I made the same mistake a few months later when I sat down to watch Denzel Washington’s Fences, which he directed and stars in alongside Viola Davis, adapting from August Wilson’s play. Depicting a few fraught months in the marriage of Troy (Washington), a former hotshot in the Negro Leagues who is now a middle-aged garbage man, and his wife Rose (Davis), Fences is another film where I kept waiting for my narrative to supersede what was happening on screen.
Specifically, I was waiting for the moment when white people would ruin everything. When the dreams and aspirations of this family would be shattered by the heavy hand of racial oppression. But that’s not what Fences is. Segregation and racial divide run through the heart of the film (Troy believes he was denied a career in the MLB because of his skin, and he discourages his son from pursuing an athletic career because he believes the same discrimination will staunch any real prospects the boy gets), but this is a film about one household and the way the people inside clash and rage and love and break. White faces are not needed to define this family and their struggles, their souls.
Neither Moonlight nor Fences were easy sells to get made. In his piece, Als remarks that he is still unsure how Jenkins managed to get Moonlight off the ground, and Fences spent decades in development because Wilson refused to let his work be adapted by anyone besides a black filmmaker, and that was apparently an insurmountable obstacle.
The problem is that movies aimed at non-white audiences continue to be seen as ‘niche’ films, without ‘crossover’ appeal. There continues to be a belief that white audiences will not turn up for films without white faces, that straight people will not go see movies by and about gay people. And for a distressing number of people in Trump’s America, that is probably true.

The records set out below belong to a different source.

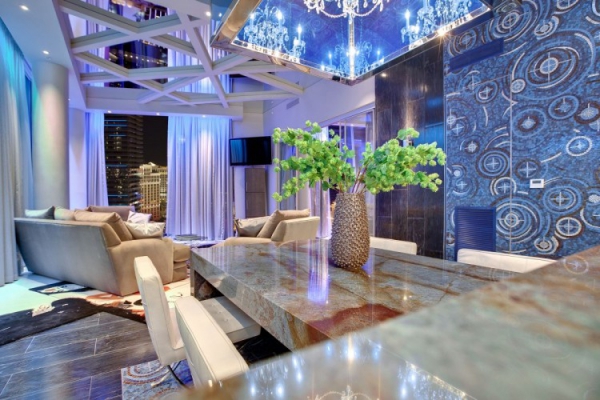 Extraordinary Penthouse Las Vegas City Center (4)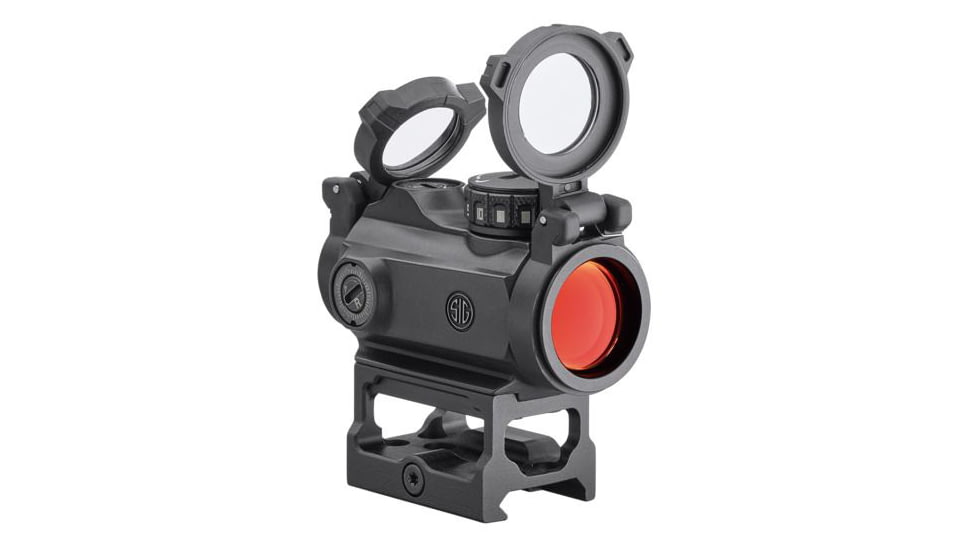 EDEMO SIG SAUER Romeo MSR 1x20mm Compact Red Dot/3x22mm Micro Magnifier Combo Kit SORJ72002, SORJ72001, EDEMO4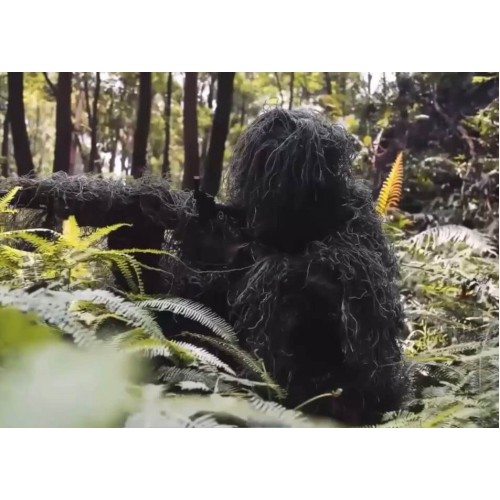 Маскировочный костюм снайпера и разведчика «ЛЕШИЙ» в Великом Новгороде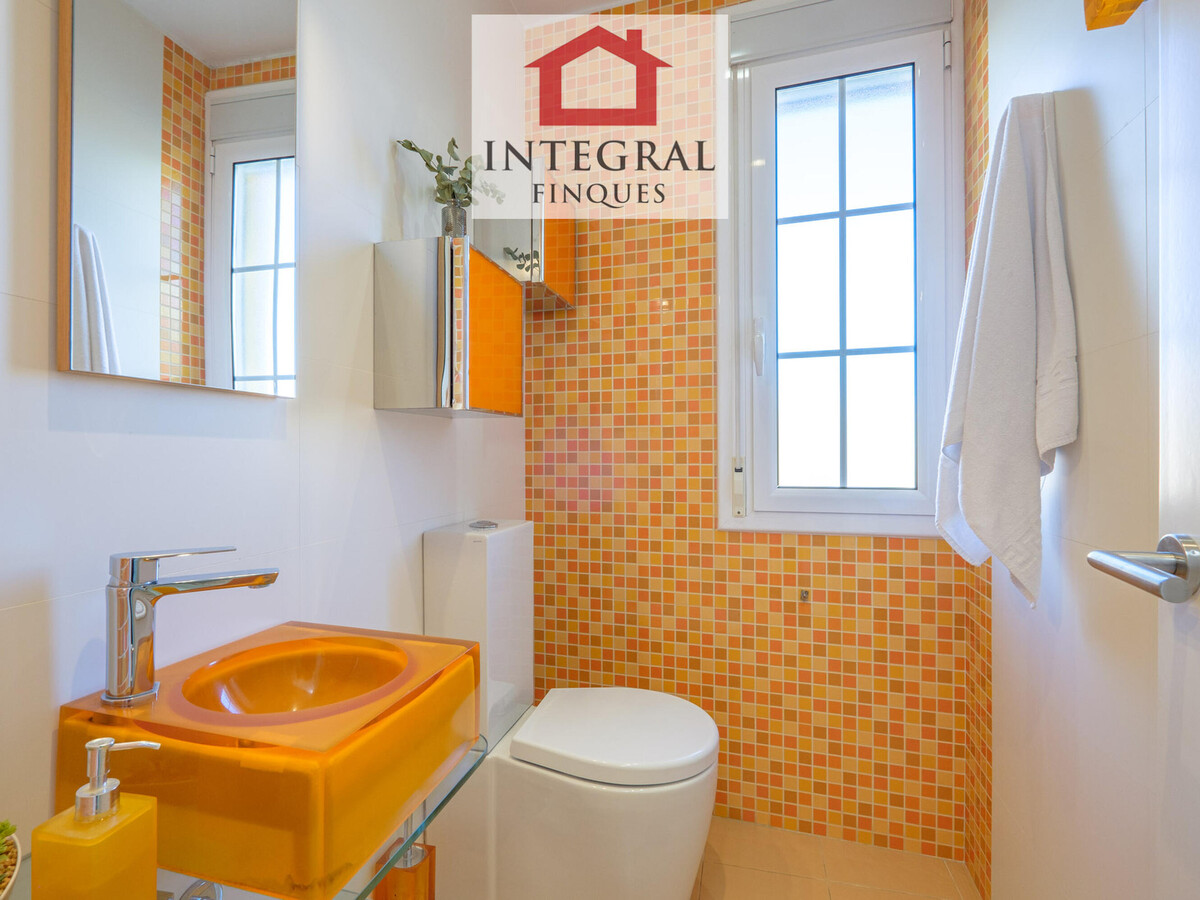 Maison 8 pers. Palamós : piscine privée et jardin - Photo 25
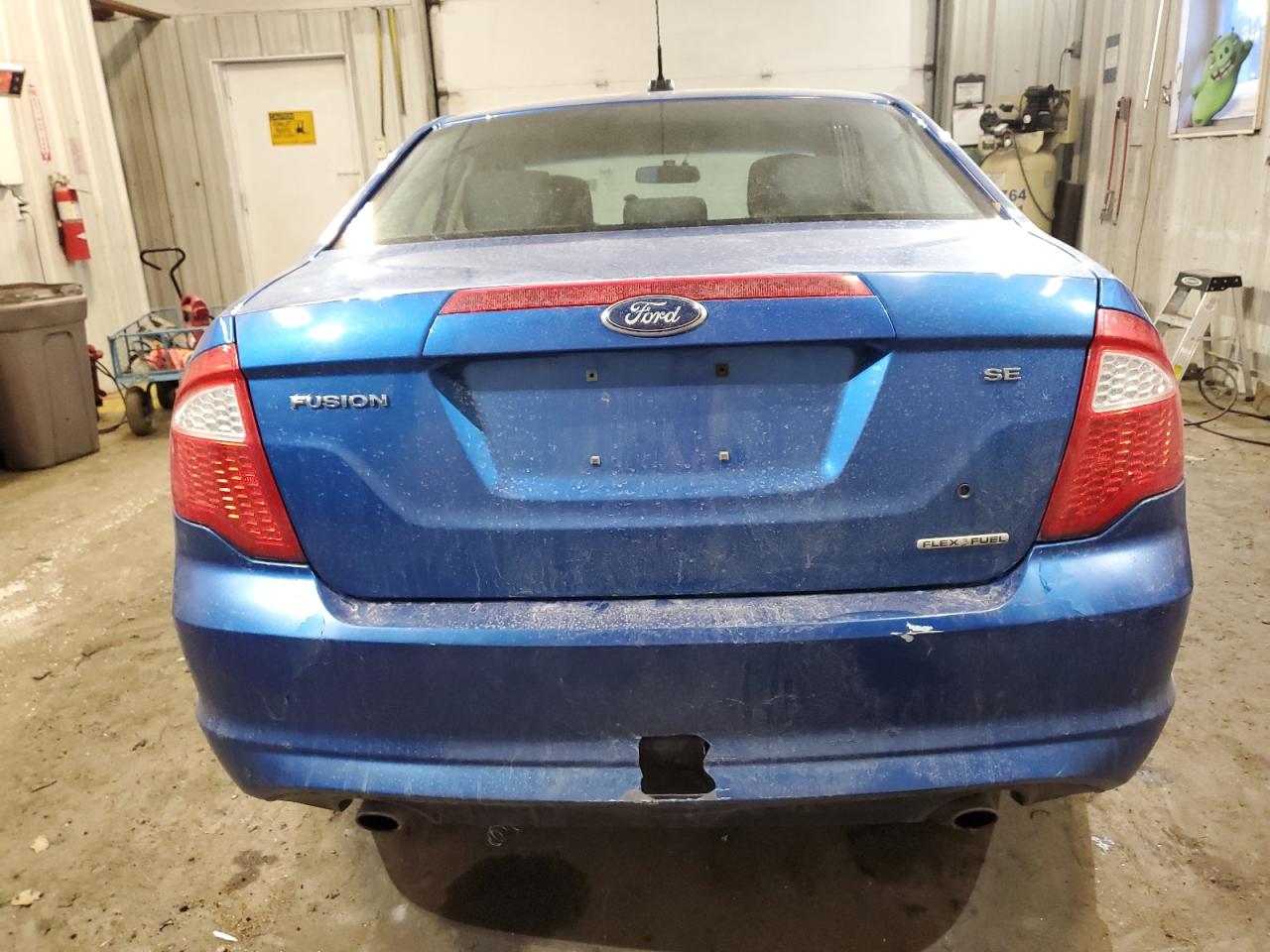 2011 Ford Fusion - Image 6
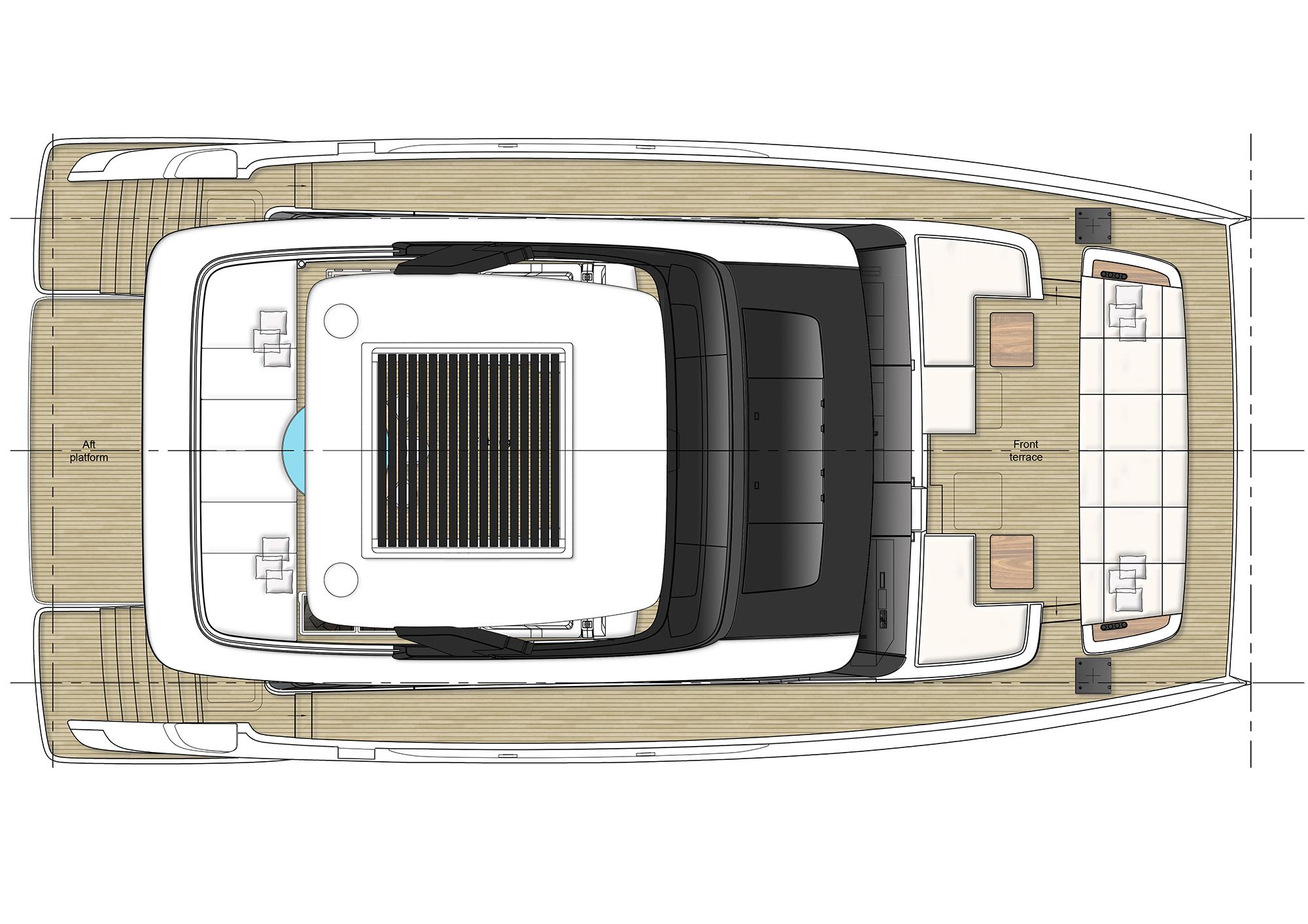 Продажа многокорпусной моторной яхты Sunreef Yachts 80 Sunreef Power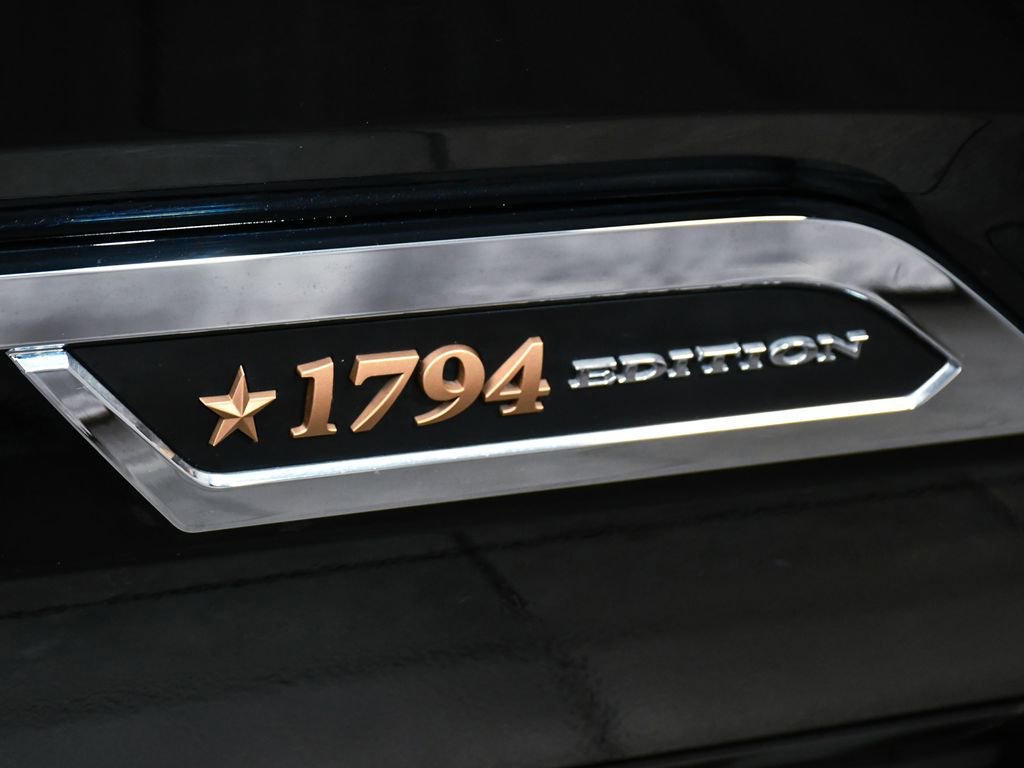 Used 2025 Toyota Tundra 1794 Edition image 99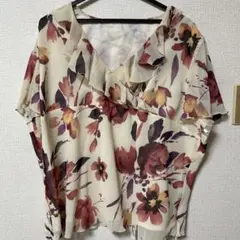 メグリメグッテ meguri megutte フレンチリネンワンピース - メルカリ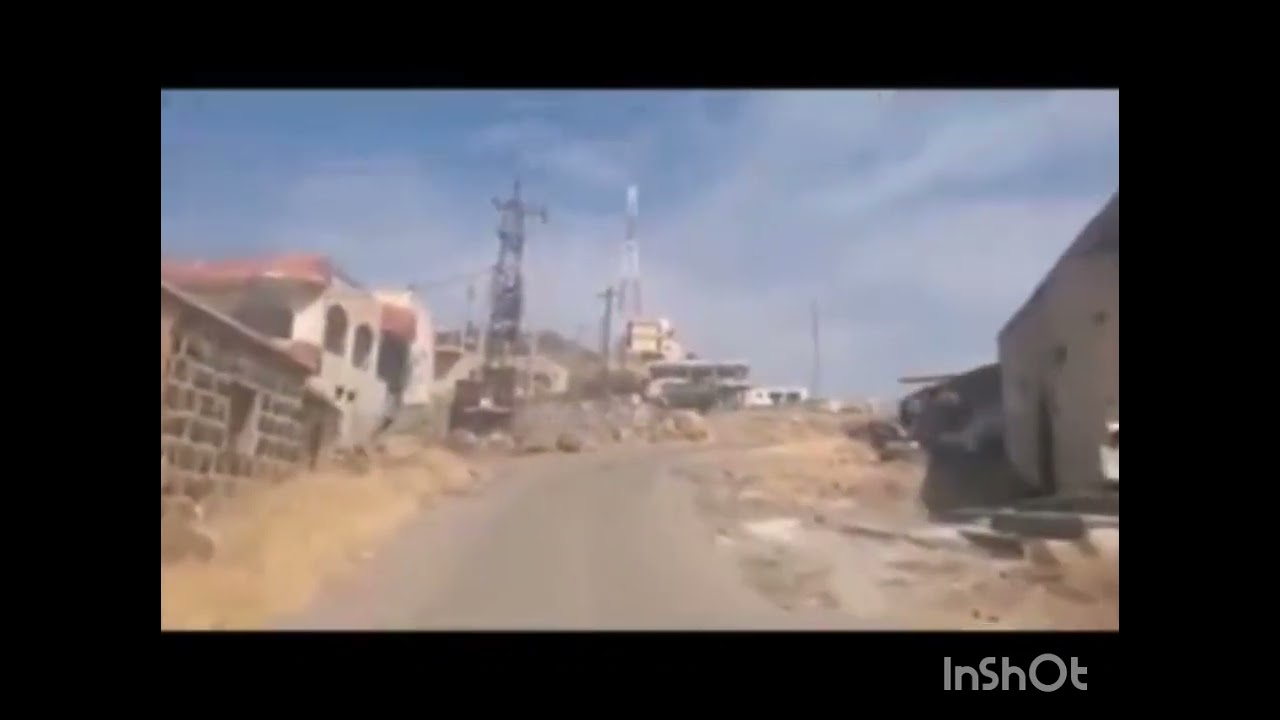 قرية شعف السويداء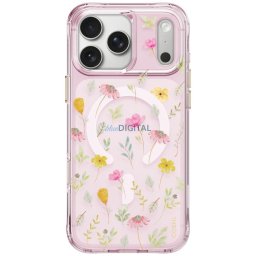 Case UNIQ Coehl Evie for iPhone 18 Pro Max / 17 Pro Max Magnetic Charging pink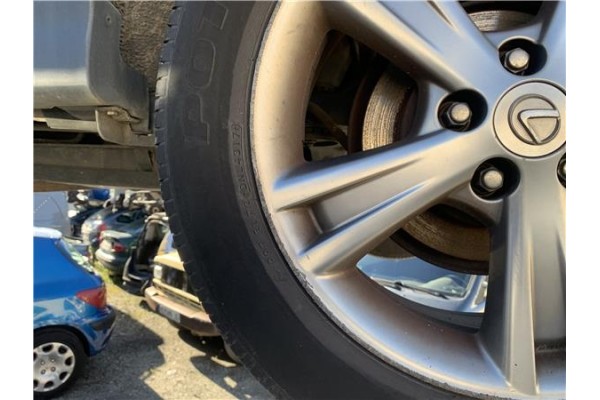 Recambio de llanta para lexus rx (mcu_) 400h referencia OEM IAM 4261148450 4261148451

That’s why straight white men, with our privilege, need to nourish and support work that is not “made for us.” That’s why we have to seek out voices that sound nothing like our own and celebrate the work of those bold enough to stand up against the tide and pronounce themselves to the world.
And the rewards are endless. Moonlight, man, I saw Moonlight months ago and I still can’t shake that movie. There are images I return to again and again, images of emotional and spiritual intimacy that leave me breathless just to think about. And with Fences, Washington provides a platform for Davis, and underappreciated actors like Stephen Henderson, Russell Hornsby, and Mykelti Williamson, and new talent like Jovan Adepo, to hit home run after home run with beautiful assemblages of language.
There’s another trick too: Just because something is specific, doesn’t mean it can’t be universal. I’ve never been a poor gay black teenager in Florida, but I’ve felt outcast and isolated, starved for any kind of connection. I remember the electricity of those first halting moments when it seemed like I’d found someone safe to share myself with, and I remember the agony of those moments when that turned out to be wrong. I’ve never lived in a house like the one in Fences, but I remember how trapped you can feel, when your parents’ arguments rage through the walls, the people you love and cherish most in the world now at war with one another. I remember those moments when all I wanted was to get in a car or on a train or a plane and just go go go and leave everything that had made me behind to rot.
These are stories about specific people in specific worlds going through specific problems, but in them we can find all the heartbreak and hope that defines each and every one of us.
It’s just a damn waste to live your life only looking out of one set of eyes.